An exact copy of the records is needed; please leave the images out.

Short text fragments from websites
■ ■ ■
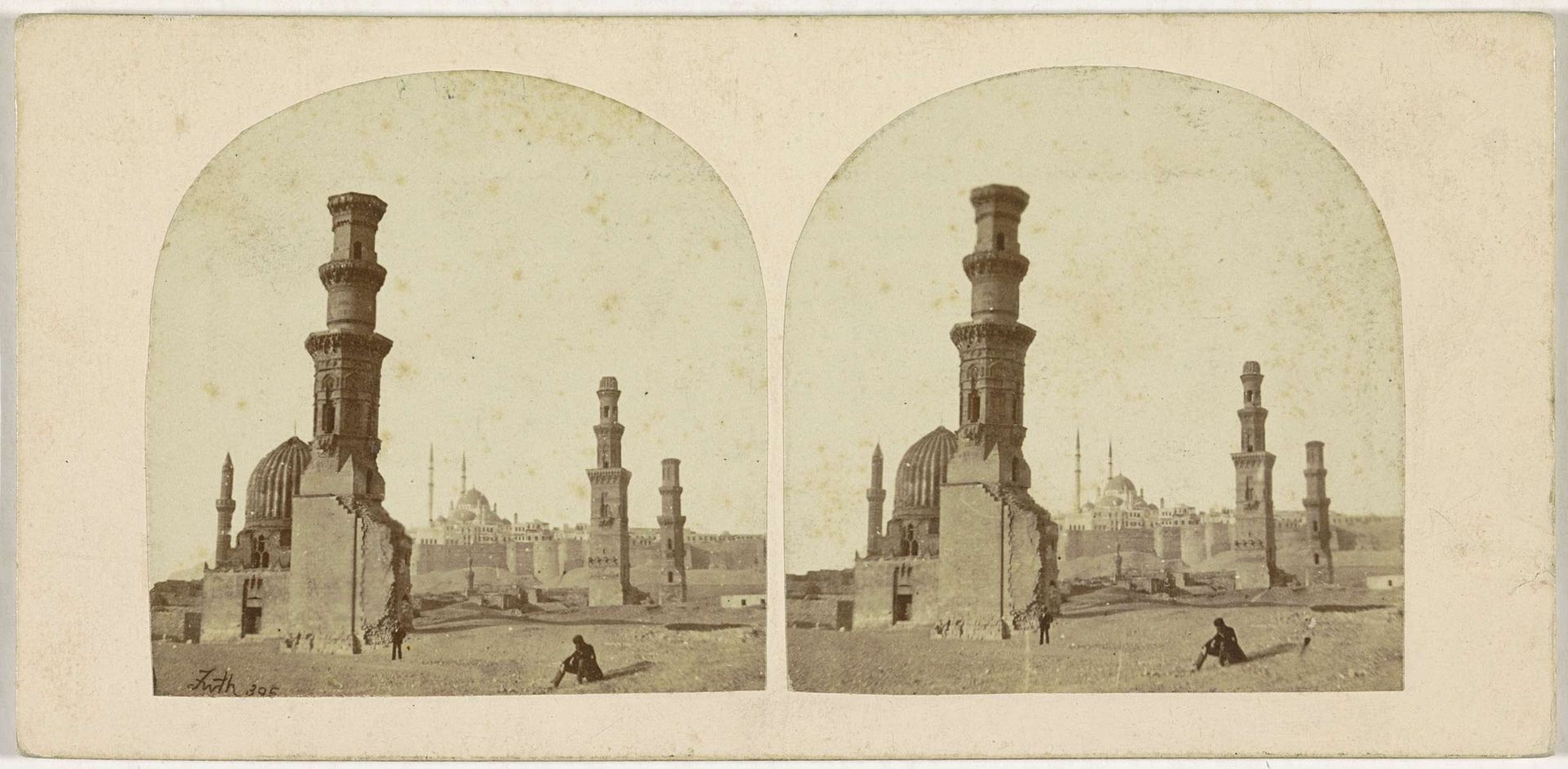 Graven van de Mamelukken, Caïro, Egypte by Francis Frith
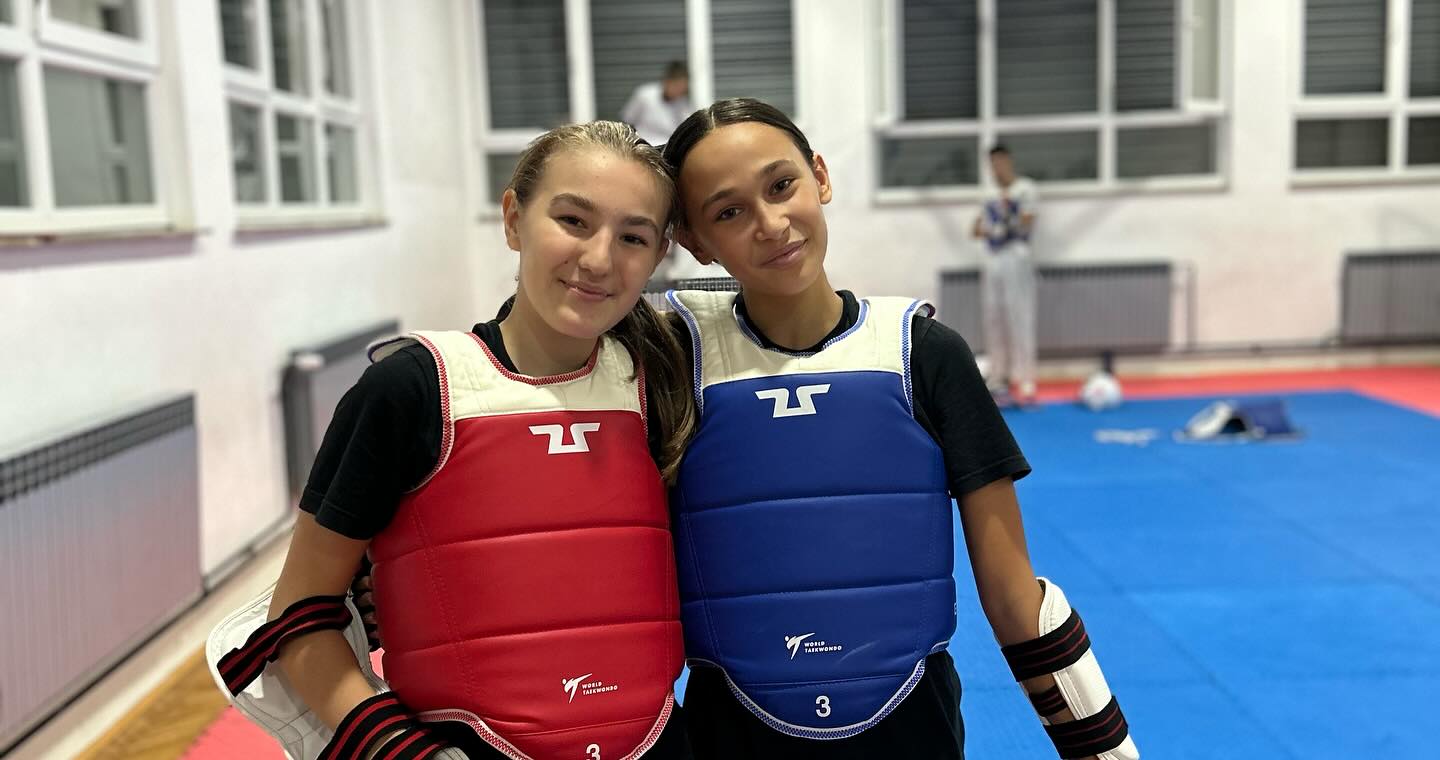 <?php echo e($image->name); ?>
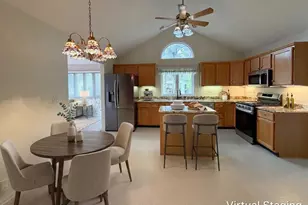 281 Governors Ln, Elgin, IL 60123 - Photo 7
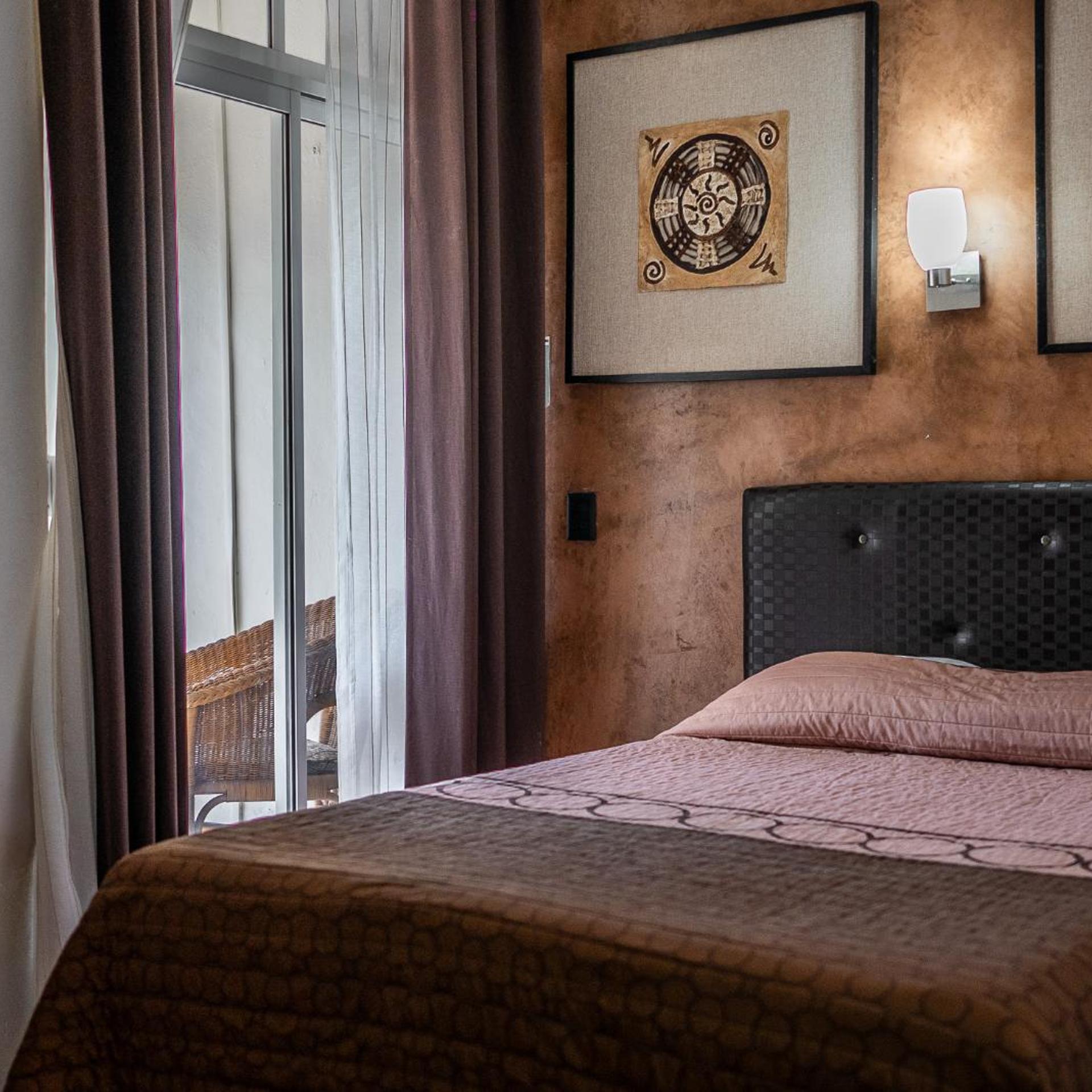 غرفة بسرير مزدوج بشرفة، SUITE HOTEL MARIA DE LA LUZ 2/9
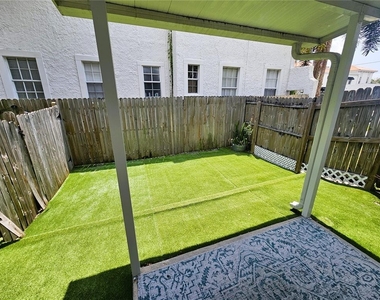 504 S Westland Avenue - Photo Thumbnail 24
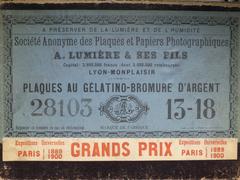 Gelatin dry plate box from early 1900s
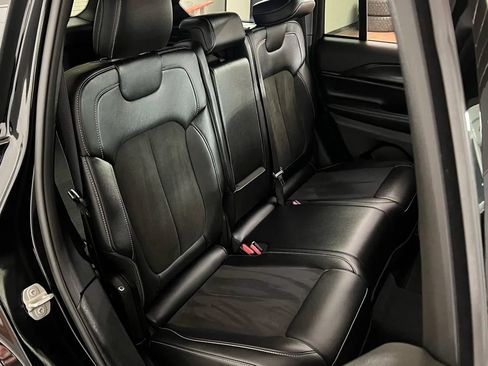 Used 2023 Jeep Grand Cherokee Altitude AWD/4WD image 33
■ ■ ■
RESPONSE BELOW
 Graven van de Mamelukken, Caïro, Egypte by Francis Frith
 <?php echo e($image->name); ?>
 281 Governors Ln, Elgin, IL 60123 - Photo 7
 غرفة بسرير مزدوج بشرفة، SUITE HOTEL MARIA DE LA LUZ 2/9
 504 S Westland Avenue - Photo Thumbnail 24
 Gelatin dry plate box from early 1900s
 Used 2023 Jeep Grand Cherokee Altitude AWD/4WD image 33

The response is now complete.